Grant Flow (Permissions)
When an agent needs to perform a privileged action:
1. Agent Requests a Grant
POST /api/grants
{
"requester": "agent@example.com",
"target": "prod-server",
"grant_type": "once",
"permissions": ["deploy"],
"reason": "Deploy hotfix #123"
}
2. Human Reviews
The agent's owner or designated approver sees the request in the web UI (or via notification) and approves or denies it.

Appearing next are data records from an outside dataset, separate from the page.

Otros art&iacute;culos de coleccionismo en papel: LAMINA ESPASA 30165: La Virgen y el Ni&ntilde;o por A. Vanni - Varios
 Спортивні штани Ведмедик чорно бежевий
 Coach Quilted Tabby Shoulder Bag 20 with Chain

3. Agent Receives AuthZ-JWT
On approval, the agent can request a signed AuthZ-JWT:
{
"sub": "agent@example.com",
"act": "agent",
"aud": "prod-server",
"grant_type": "once",
"permissions": ["deploy"],
"decided_by": "alice@example.com",
"exp": 1234567890
}
4. Target Verifies
The target system validates the AuthZ-JWT: signature, audience, expiry, permissions, and optionally cmd_hash for exact command binding.
apes — sudo for Agents
apes is a Rust binary that brings the grant flow to local privilege elevation:
apes --reason "Deploy hotfix" -- systemctl restart nginx
- Authenticates to IdP via Ed25519
- Creates a grant request (with SHA-256 hash of the command)
- Waits for human approval
- Receives AuthZ-JWT, verifies
cmd_hashmatches - Executes command as root
The binary runs with the setuid bit — it starts as root, drops privileges for network I/O, and only re-elevates after JWT verification.